### [HOW TO COMPLETE THIS TASK]
Keeping every line intact, repeat the data word for word.

--------------------------------------------------

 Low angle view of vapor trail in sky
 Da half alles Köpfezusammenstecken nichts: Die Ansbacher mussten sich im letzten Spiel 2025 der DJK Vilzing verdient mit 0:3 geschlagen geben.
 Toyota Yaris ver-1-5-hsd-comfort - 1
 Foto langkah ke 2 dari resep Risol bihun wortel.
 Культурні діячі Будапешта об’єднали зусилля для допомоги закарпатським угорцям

--------------------------------------------------

### [EXERCISE SOLUTION]
 Low angle view of vapor trail in sky
 Da half alles Köpfezusammenstecken nichts: Die Ansbacher mussten sich im letzten Spiel 2025 der DJK Vilzing verdient mit 0:3 geschlagen geben.
 Toyota Yaris ver-1-5-hsd-comfort - 1
 Foto langkah ke 2 dari resep Risol bihun wortel.
 Культурні діячі Будапешта об’єднали зусилля для допомоги закарпатським угорцям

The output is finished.